Pakistan all-rounder Shoaib Malik has said he wants to enjoy the feeling of winning the T20 World Cup once again before hanging up his boots.
In an interview with the International Cricket Council (ICC), the former captain said that it’s good for the team to enter a tournament as underdogs, explaining that as a result, there would no pressure on the players.
The 39-year-old recalled memories of the 2009 T20 World Cup, which Pakistan won by beating Sri Lanka in the final.
Shoaib recalled how the team was struggling in the beginning when the 2009 edition of the T20 World Cup began. However, he said once everyone started performing, the team picked up the pace.
“And the guys were in good form, for example, Shahid Afridi, Umar Gul and to some extent, myself. So we started performing consistently,” he added.
Malik was at the non-striking end when Shahid Afridi ran for the winning run — although a leg bye — in the final of the 2009 World Cup.

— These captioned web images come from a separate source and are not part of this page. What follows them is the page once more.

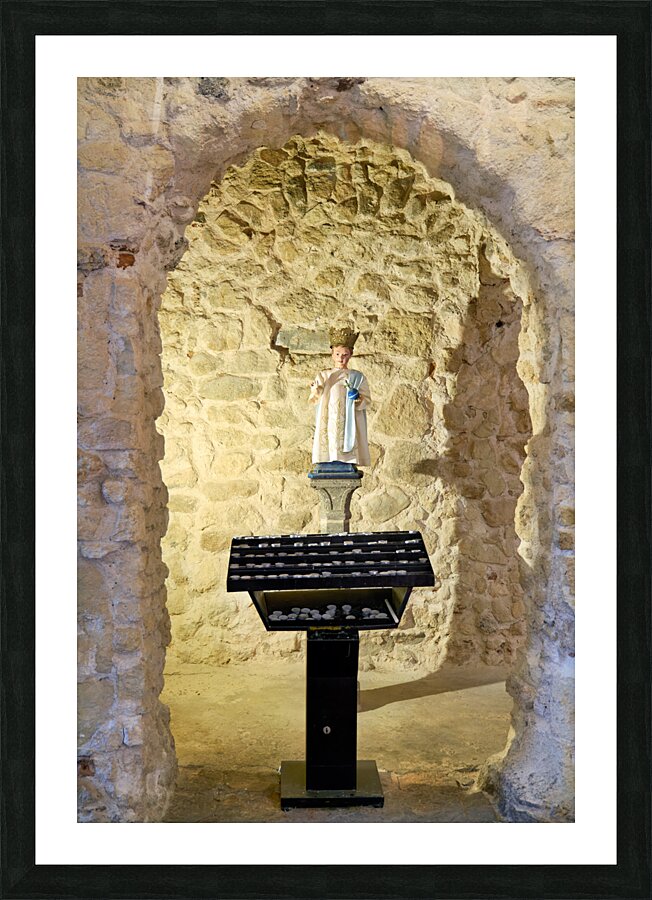 Tropea Calabria Italy. Santa Maria dellIsola Monastery Picture Frame print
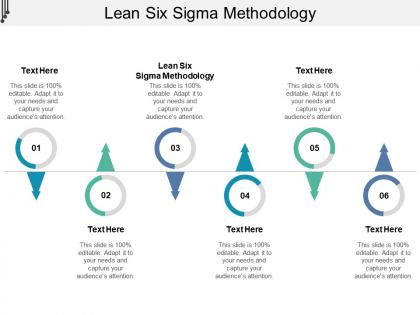 Lean six sigma methodology ppt powerpoint presentation model slideshow cpb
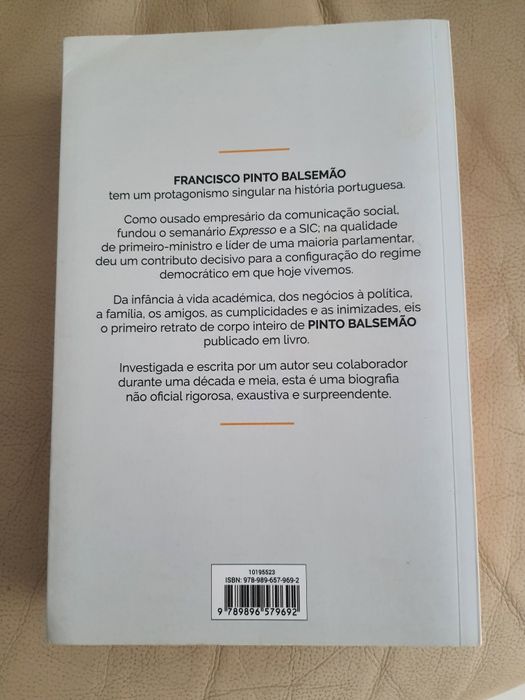 Livro Biografia Francisco Pinto Balsemão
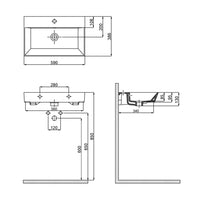 Roomart Badmöbel Set LYCIA 82 cm – 4-teiliges Badezimmermöbel-Set mit Keramik-Waschbecken, Spiegelschrank & Seitenschrank – Badmöbel in 4 Farben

'I would want to go through same memories'
Reliving the experience, the former Pakistan captain said he would like to go through such moments once again.
"Great memories. And I guess, before I end my career, I would want to go through the same memories. So let's hope for the best,” he said.
Speaking about Pakistan's chances, Malik said it was an advantage that the team were considered underdogs.
Malik said that when no one talks about the Pakistan cricket team as favourites to lift the cup, that is when the team takes it upon themselves to prove critics otherwise.
“Nobody's considering that you could win an event but suddenly, you pick up momentum. So, in my opinion, I take it as a challenge. And I've seen that in our dressing room as well! We take it as a challenge that if nobody's talking about Pakistan, the team could win the mega event,” he said.
He said it's good for the green shirts that they are considered underdogs as then they just "go out there and give our best.”
Pakistan, after having won their two opening T20 clashes against India and New Zealand on Sunday and Tuesday respectively, face Afghanistan today.